What is the rationale for prohibiting Parliament from requesting dissolution of itself by a simple majority and making a two thirds majority mandatory just to make a non-binding request to the President? It’s not as if MPs like whales suddenly manifest a need to beach themselves for no apparent reason. We have had many Parliaments since Independence and so far as this writer knows not a single Parliament has passed a resolution recommending the dissolution of itself. Such instances will be equally rare in all countries that have supreme legislatures called Parliaments. Then why this need to protect the tenure of Parliament from the MPs themselves by making a special majority mandatory just to recommend dissolution of itself?

One could justify limiting the ability of the executive President to dissolve Parliament on the grounds that he or she is outside Parliament and elected separately and if the President is from one political party and Parliament is controlled by another, such a restriction will provide a measure of protection for parliamentary government. In 2004, President Chandrika Kumaratunga dissolved Parliament and held a general election entirely at her discretion. In 2004, there were none of the situations, in which a Parliament may be dissolved before completing its term. No government has lost a vote on a no-confidence motion. No government has lost a vote on the budget. The then UNP government led by Prime Minister Ranil Wickremesinghe had not lost its majority in Parliament either.

What happened in 2004 is that Kumaratunga had the presidential power to dissolve Parliament and she used it. All that may have happened is that the UNP after having been elected to power in December 2001, had lost some of its popularity. Furthermore, according to the results of the 2001 December Parliamentary election, The People’s Alliance vote, when combined with the JVP vote, exceeded the UNP vote. So, when a partnership was brokered between the PA and the JVP to form the United People’s Freedom Alliance, (UPFA) the UNP’s goose was cooked simply on the arithmetic. It was this political assessment that the UNP will not be able to win a Parliamentary election when the PA and JVP joined forces that led to the dissolution and Parliamentary election of 2004. (It may be pertinent to say as an aside that the JVP, which was at the forefront of opposing the dissolution of Parliament on November 9, 2018, was fully supportive of the dissolution that took place in 2004. In fact, it was following that dissolution that the JVP won 40 seats in Parliament contesting on the UPFA ticket!)

Opportunity to play ducks and drakes with govt.

One has to acknowledge that the dissolution of Parliament, in 2004, by the then executive President was based entirely on cynical political calculations. So one can perhaps forgive the aggrieved party if they as a knee-jerk reaction to the events of 2004, resolved to block the President’s power to dissolve Parliament.

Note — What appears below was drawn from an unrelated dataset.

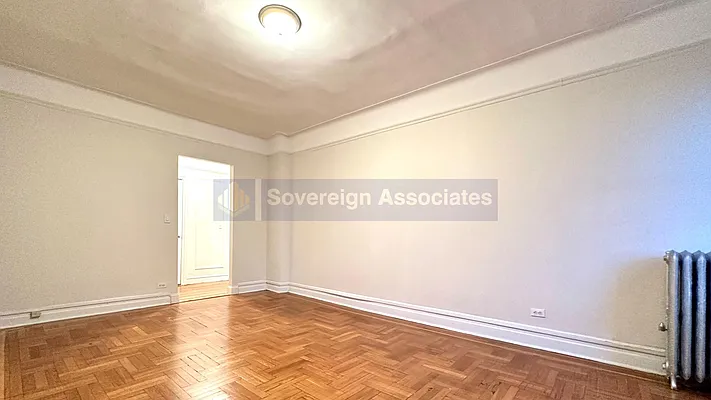 Rented by Sovereign Associates | media 11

To do so, they went to the extent of misleading the public as well as the Supreme Court, as pointed out in the previous article in this series which appeared, on Feb. 08. However, it has to be pointed out that they have been a tad more successful in their endeavor than they should have been. Knee-jerk reactions are not based on reason, and the lesson we have to learn here is that no knee-jerk reaction should ever be incorporated into the Constitution.

The 19th Amendment has not only prohibited the President from dissolving Parliament until the lapse of four and a half years of its five-year term but has also effectively prohibited Parliament from recommending dissolution of itself by making it mandatory to have a two thirds majority even to make a non-binding request to the President to dissolve Parliament. This is an irrational and dangerous restriction. The primary responsibility for maintain stability in the country falls on the government of the day. If the President is deprived of the discretionary power to dissolve Parliament, the Prime Minister and Cabinet should have the power to recommend dissolution of Parliament to the President in order to have fresh elections. Or, at the very least, Parliament should be able to recommend dissolution of itself with a simple majority.

By making it mandatory to have a two thirds majority in Parliament to make any such recommendation, the 19th Amendment has brought about a very dangerous situation where the opposition can play ducks and drakes with a government. In Sri Lanka, now under the 19th Amendment, Parliament cannot be dissolved for any reason without a two thirds majority. If a government loses the budget, a no-confidence motion or the statement of government policy, that would be a sign that they have lost their majority in parliament but they will still officially be the government. The government cannot recommend that parliament be dissolved and fresh elections called because it will need the cooperation of the opposition for that purpose. The opposition can by failing to provide that majority, bring about a situation where the government is both unable to govern or to bow out.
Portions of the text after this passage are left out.